Kelly will know what level his squad is at come 5.45 on Sunday afternoon – albeit they could know a lot earlier given the Dubs’ dominance – but what does he feel is realistic against Dessie Farrell’s defending All-Ireland champions?

“There’s no point talking about scorelines and no matter who we were playing in the morning, you’re never talking about, ‘We need to score x, y and z’. You’d be looking at what you’d like to hold the opposition to, that’d be the norm anyway,” the Kilclonfert clubman says.

“Dublin can get a run on you early on and at any level or any grade, they could do a number on a team very, very quickly. It’s about going out there and preparing for Dublin as best as we can and putting our best foot forward.

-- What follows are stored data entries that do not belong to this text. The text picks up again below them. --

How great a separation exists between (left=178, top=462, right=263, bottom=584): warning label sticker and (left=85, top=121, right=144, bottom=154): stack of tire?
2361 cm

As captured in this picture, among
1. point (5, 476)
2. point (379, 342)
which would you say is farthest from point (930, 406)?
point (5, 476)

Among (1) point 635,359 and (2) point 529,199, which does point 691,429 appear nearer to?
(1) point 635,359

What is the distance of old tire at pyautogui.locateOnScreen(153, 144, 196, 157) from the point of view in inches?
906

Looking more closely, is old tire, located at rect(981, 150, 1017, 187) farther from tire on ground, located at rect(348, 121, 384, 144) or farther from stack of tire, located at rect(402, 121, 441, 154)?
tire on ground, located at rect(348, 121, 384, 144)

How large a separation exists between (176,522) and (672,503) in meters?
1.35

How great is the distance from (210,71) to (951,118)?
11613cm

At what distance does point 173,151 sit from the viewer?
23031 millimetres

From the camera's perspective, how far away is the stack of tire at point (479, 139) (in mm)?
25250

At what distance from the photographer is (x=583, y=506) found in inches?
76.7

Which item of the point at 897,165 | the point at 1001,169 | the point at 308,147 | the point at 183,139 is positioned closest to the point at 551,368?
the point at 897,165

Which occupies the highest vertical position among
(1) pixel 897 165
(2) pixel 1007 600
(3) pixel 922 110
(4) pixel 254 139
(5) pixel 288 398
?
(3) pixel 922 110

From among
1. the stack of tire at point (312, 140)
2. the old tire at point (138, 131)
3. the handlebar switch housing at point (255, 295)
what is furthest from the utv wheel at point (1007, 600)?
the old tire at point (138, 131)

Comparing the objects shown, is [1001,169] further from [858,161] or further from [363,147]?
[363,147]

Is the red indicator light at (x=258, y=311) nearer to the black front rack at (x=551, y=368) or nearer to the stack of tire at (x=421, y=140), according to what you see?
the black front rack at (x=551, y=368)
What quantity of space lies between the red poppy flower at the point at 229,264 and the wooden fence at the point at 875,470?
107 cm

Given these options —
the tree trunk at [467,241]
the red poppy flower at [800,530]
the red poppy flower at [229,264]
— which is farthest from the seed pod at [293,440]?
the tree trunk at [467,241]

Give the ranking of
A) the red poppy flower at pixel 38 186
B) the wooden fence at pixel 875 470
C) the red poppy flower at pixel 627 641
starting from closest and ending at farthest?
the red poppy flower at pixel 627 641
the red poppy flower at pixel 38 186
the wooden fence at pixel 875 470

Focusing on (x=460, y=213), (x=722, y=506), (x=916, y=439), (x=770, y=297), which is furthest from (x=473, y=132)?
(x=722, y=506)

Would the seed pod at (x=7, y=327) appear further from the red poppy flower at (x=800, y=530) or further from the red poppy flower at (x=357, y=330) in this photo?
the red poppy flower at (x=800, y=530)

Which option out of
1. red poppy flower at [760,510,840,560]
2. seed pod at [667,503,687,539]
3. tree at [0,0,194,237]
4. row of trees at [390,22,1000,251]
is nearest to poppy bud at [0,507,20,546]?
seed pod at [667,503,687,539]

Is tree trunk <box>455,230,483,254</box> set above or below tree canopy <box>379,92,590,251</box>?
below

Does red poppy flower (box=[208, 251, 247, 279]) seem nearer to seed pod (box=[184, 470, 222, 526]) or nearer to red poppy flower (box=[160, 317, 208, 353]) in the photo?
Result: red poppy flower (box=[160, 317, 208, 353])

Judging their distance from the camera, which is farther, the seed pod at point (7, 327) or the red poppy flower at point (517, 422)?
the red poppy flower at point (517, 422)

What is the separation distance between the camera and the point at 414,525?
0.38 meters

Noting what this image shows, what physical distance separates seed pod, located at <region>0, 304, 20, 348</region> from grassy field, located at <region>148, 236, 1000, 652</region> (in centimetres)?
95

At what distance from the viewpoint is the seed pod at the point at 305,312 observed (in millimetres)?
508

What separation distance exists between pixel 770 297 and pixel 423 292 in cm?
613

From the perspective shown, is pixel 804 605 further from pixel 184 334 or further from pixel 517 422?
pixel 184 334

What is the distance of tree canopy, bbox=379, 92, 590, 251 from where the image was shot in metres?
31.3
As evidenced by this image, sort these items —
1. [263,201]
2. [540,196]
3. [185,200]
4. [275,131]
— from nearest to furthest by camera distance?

“What I would look at is that fellas play to their maximum or play to their best and see where that takes you after that. We had a good performance in patches against Laois, we probably didn’t see that game out as well as we would have liked.

“I suppose that’s one area that you’re trying to look at, against a Dublin or that when you are on top and you get opportunities, you have to be pretty clinical with them because the likes of the top teams aren’t going to give you a lot of opportunities.

“And most definitely as regards them turning you over and that in various parts of field, they will hurt you and that is something that we have been speaking about all year and not handing over possession because if they come at you in waves, it can be a long afternoon then.”

Kelly was promoted to the senior job ahead of this season having famously guided the U-20s to All-Ireland success in 2021 and many of those players are now the driving force of the current side.

Lee Pearson captains the side at the tender age of 21 while his Tullamore club-mates Cormac Egan and John Furlong man the wing-back spots with Jack Bryant, Keith O’Neill and Cathal Flynn also being vital cogs in the Faithful attack.

Kelly and that cohort return to the scene of their All-Ireland final victory over Roscommon and while many bemoan the fact that Dublin will play on a pitch they know all too well, the Offaly boss knows that his side will “learn an awful lot” at GAA HQ as “it’s definitely different than your normal game”.

“You would be happy where a lot of the younger fellas that have probably come in this year are at, they’re finding their feet and they are beginning to establish themselves on the team, that’s where we are at the minute,” he says.

The chance of victory against the game’s standard-bearers is reflected in Offaly’s 33/1 odds but Kelly knows that his side will be out again in a fortnight “whatever way the result goes” and he demands a mindset shift.

“From an Offaly perspective going beyond Sunday, we have to embrace the All-Ireland SFC Qualifiers or the Tailteann Cup because it’s something that we haven’t collectively done for the last 20 years,” Kelly says.

“If you’re going to be on about development and getting players to commit long-term to a county set-up, you’re guaranteed more games and that’s where our focus has to turn to whatever the outcome is on Sunday.”